The Olympia city council voted initial approval on the question of whether to make OlyWa a NFZ. Does anyone know what "initial approval" means? Read about it here and here.

Here's what someone named "Bird Dog" thinks about it.

A two-minute google search produced this partial list of other cities that are NFZs:

Takoma Park
Las Vegas
Santa Cruz

I guess there are quite a few more:
Johnson said more than 1,200 cities and 100 countries are "nuclear-free." Olympia's ordinance is based on one adopted by Takoma Park, Md., that was approved 20 years ago and survived a legal challenge.

Here's a pdf of the Takoma Park NFZ Act.

Anyone have the energy to make the arguments for and against?


Nope, not anymore

I wonder though, if this were brought up now, given the current energy of the blog, if more people would jump at that question Rick. Do you wonder?

For and against

I am not sure when the Olympia City Council was granted any control what so ever over the federal government owned and controlled Nuclear materials.
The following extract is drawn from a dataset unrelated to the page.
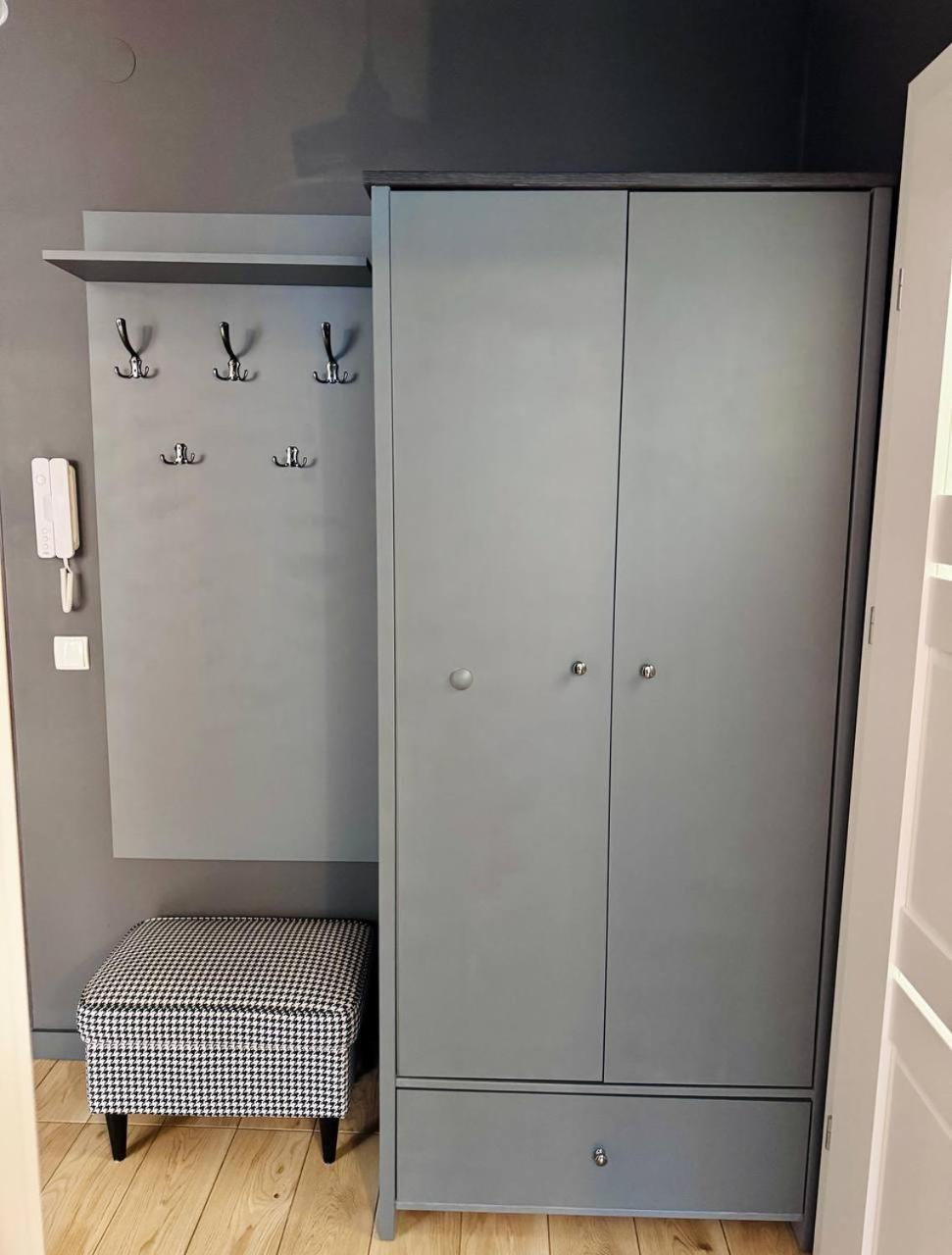 קרקוב C- Home4U - Apartment With A City View Close To Aquapark, Parking In Secured Area מראה חיצוני תמונה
Is the Olympia City Council part of the IAEA. (Funny thing is I do a search on that website and find nothing for the Olympia City Council)


Perhaps the Olympia City Council should spend more time dealing with local issues under their control such as panhandling, litter, crime, and graffiti vandalism, business development, and less time making misinformed political statements and wasting the time and money of the city to do so.



One of the great non sequiturs of the left is that, if the free market doesn't work perfectly, then it doesn't work at all-- and the government should step in.